Instructions for the task
Return the data below exactly, but only from the line containing "연두 (전 이름 다미) 입양 1년입니다 ദ്ദി・ᴗ・)✧" through the line containing "lism 北海淡水大墨鱼干特海鲜干货目鱼小乌贼木鱼干500g级海产品 小号", with both of those lines included.

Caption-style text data
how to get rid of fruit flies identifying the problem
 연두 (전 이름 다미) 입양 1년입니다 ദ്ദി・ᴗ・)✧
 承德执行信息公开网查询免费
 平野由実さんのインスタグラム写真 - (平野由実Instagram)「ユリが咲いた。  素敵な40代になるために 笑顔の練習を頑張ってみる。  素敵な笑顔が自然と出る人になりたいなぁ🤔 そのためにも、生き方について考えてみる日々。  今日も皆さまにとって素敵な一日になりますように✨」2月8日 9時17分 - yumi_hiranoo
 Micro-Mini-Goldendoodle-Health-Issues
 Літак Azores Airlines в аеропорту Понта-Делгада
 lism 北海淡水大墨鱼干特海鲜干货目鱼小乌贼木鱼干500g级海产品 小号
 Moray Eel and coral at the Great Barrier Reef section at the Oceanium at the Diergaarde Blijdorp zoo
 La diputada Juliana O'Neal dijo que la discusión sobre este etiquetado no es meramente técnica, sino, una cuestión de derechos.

Result for this task
 연두 (전 이름 다미) 입양 1년입니다 ദ്ദി・ᴗ・)✧
 承德执行信息公开网查询免费
 平野由実さんのインスタグラム写真 - (平野由実Instagram)「ユリが咲いた。  素敵な40代になるために 笑顔の練習を頑張ってみる。  素敵な笑顔が自然と出る人になりたいなぁ🤔 そのためにも、生き方について考えてみる日々。  今日も皆さまにとって素敵な一日になりますように✨」2月8日 9時17分 - yumi_hiranoo
 Micro-Mini-Goldendoodle-Health-Issues
 Літак Azores Airlines в аеропорту Понта-Делгада
 lism 北海淡水大墨鱼干特海鲜干货目鱼小乌贼木鱼干500g级海产品 小号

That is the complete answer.